Let me start by admitting that the concept of high memory and low memory on Linux is still not completely clear in my mind even after reading several relevant resources. However, from what I understand on 64-bit Linux there's no high memory anyway (correct me if I am wrong).
I am trying to understand how kmap and address spaces work on Linux kernel version 5.8.1 configured with defconfig
for arm64.
I have added the following system call:
SYSCALL_DEFINE1(mycall, unsigned long __user, user_addr)
{
struct page *pages[1];
int *p1, *p2;
p1 = (int *) user_addr;
*p1 = 1; /* this works */
pr_info("kernel: first: 0x%lx", (long unsigned) p1);
if (get_user_pages(user_addr, 1, FOLL_WRITE, pages, NULL) != 1)
return -1;
p2 = kmap(pages[0]);
*p2 = 2; /* this also works */
pr_info("kernel: second: 0x%lx", (long unsigned) p2);
return 0;
}
From user-space I allocate a whole memory page (on a page boundary) which I pass to the kernel as a parameter to that system call. Modifying that memory by dereferencing either pointer from within the kernel works perfectly fine. However, the two pointers have different values:
[ 4.493480] kernel: first: 0x4ff3000
[ 4.493888] kernel: second: 0xffff000007ce9000
From what I understand get_user_pages
returns the physical page corresponding to that user address (in current's address space). Then since there's no high memory, I expected kmap
to return the exact same address from the user part of the address space.

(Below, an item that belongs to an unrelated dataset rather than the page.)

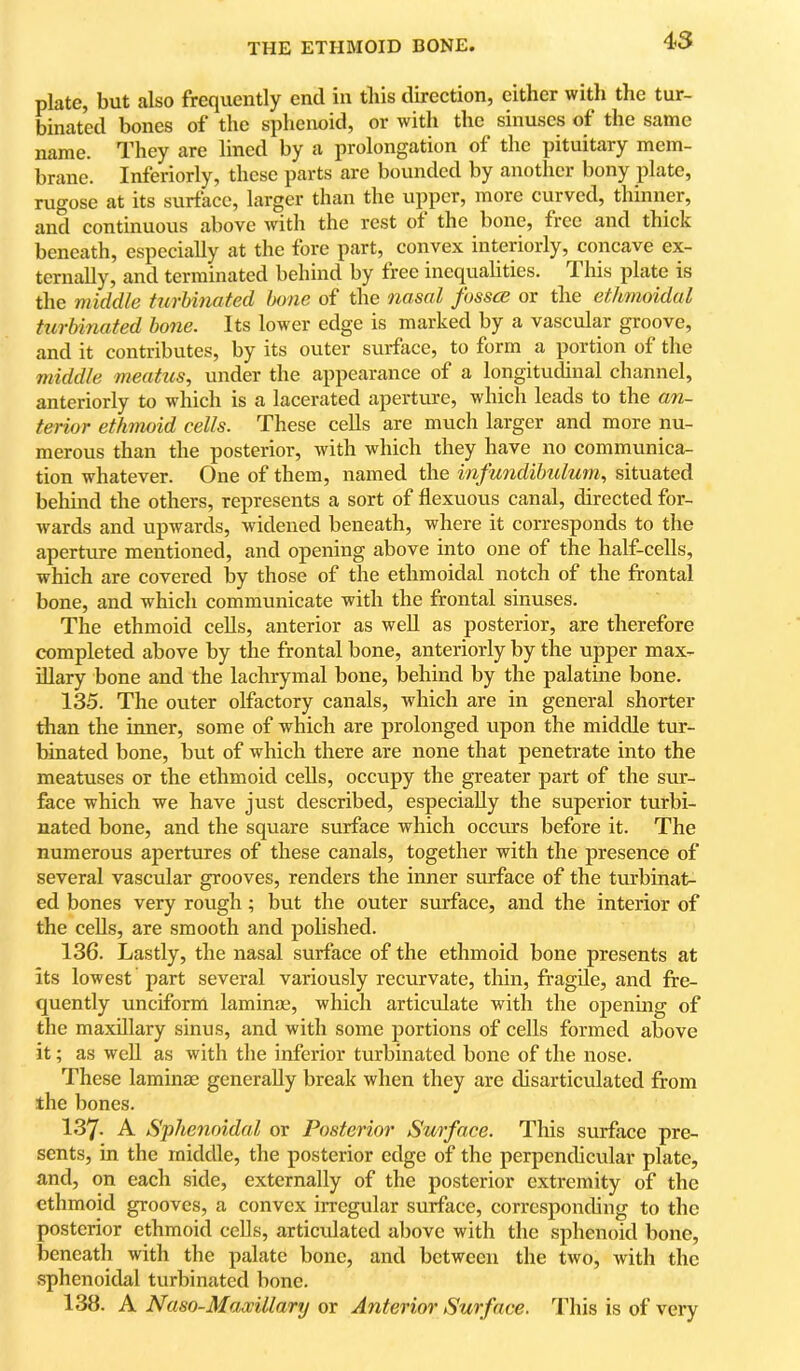 plate, but also frequently end in this direction, cither with the tur- binated bones of the sphenoid, or with the sinuses of the same name. They are lined by a prolongation of the pituitary mem- brane. Inferiorly, these parts are bounded by another bony plate, rugose at its surface, larger than the upper, more curved, thinner, and continuous above with the rest ot the bone, free and thick beneath, especially at the fore part, convex interiorly, concave ex- ternally, and terminated behind by free inequalities. This plate is the middle turbinated bone of the nasal fusses or the ethmoidal turbinated bone. Its lower edge is marked by a vascular groove, audit contributes, by its outer surface, to form a portion of the middle meatus, under the appearance of a longitudinal channel, anteriorly to which is a lacerated aperture, which leads to the an- terior ethmoid cells. These cells are much larger and more nu- merous than the posterior, with which they have no communica- tion whatever. One of them, named the inf undibulum, situated behind the others, represents a sort of flexuous canal, directed for- wards and upwards, widened beneath, where it corresponds to the aperture mentioned, and opening above into one of the half-cells, which are covered by those of the ethmoidal notch of the frontal bone, and which communicate with the frontal sinuses. The ethmoid cells, anterior as well as posterior, are therefore completed above by the frontal bone, anteriorly by the upper max- illary bone and the lachrymal bone, behind by the palatine bone. 135. The outer olfactory canals, which are in general shorter than the inner, some of which are prolonged upon the middle tur- binated bone, but of which there are none that penetrate into the meatuses or the ethmoid cells, occupy the greater part of the sur- face which we have just described, especially the superior turbi- nated bone, and the square surface which occurs before it. The numerous apertures of these canals, together with the presence of several vascular grooves, renders the inner surface of the tiu’binat- ed bones very rough; but the outer surface, and the interior of the cells, are smooth and polished. 136. Lastly, the nasal surface of the ethmoid bone presents at its lowest part several variously recurvate, thin, fragile, and fre- quently unciform laminae, which articulate with the opening of the maxillary sinus, and with some portions of cells formed above it; as well as with the inferior turbinated bone of the nose. These laminae generally break when they are disarticulated from the bones. 137. A Sphenoidal or Posterior Surface. This surface pre- sents, in the middle, the posterior edge of the perpendicular plate, and, on each side, externally of the posterior extremity of the ethmoid grooves, a convex irregular surface, corresponchng to the posterior ethmoid cells, articulated above with the sphenoid bone, beneath with the palate bone, and between the two, with the .sphenoidal turbinated bone. 138. A Naso-Maccillary or Anterior Surface. This is of very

According to the virtual memory layout of arm64, the address returned by kmap
lies in a range described as "kernel logical memory map". Is this a new mapping just created by kmap
or is this another previously existing mapping for the same page?
Can somebody explain what exactly is going on here?

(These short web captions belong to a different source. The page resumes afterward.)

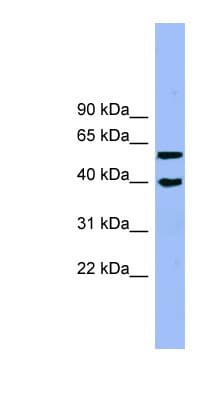 ALLC Antibody (aa71-120)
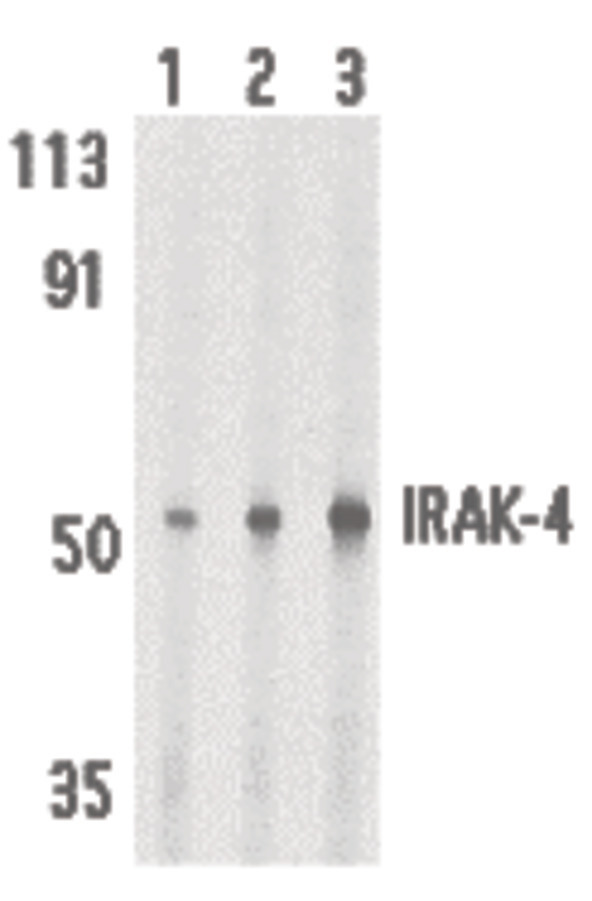 Western blot of IRAK-4 in HeLa cell lysate with IRAK-4 antibody at 1 (lane 1), 2 (lane 2), and 4 (lane 3) ug/ml, respectively.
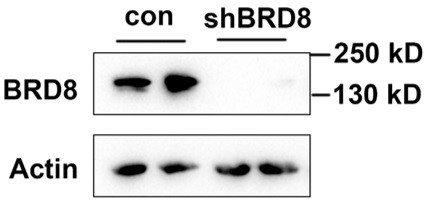 BRD8 Antibody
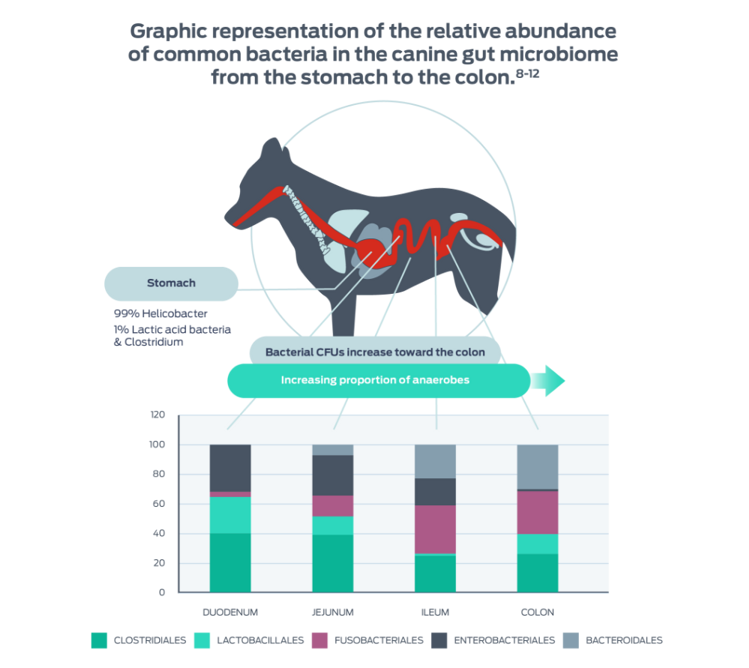 representation relative abundance common bacteria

The memory referred to by user_addr
(or p1
) and by p2
will be the same physical memory pages once they have actually been pinned into physical memory by get_user_pages()
. (Before the get_user_pages()
call, the pages might not be in physical memory yet.) However, user_addr
(and p1
) are a user-space address of the page, and p2
is a kernel-space address of the page. kmap()
will create a temporary mapping of a physical memory page to kernel-space.
On arm64 (and also amd64), if bit 63 is treated as a sign bit, then user-space addresses are non-negative and kernel space addresses are negative. So there is no way that the numeric values of the user-space and kernel-space addresses can be equal.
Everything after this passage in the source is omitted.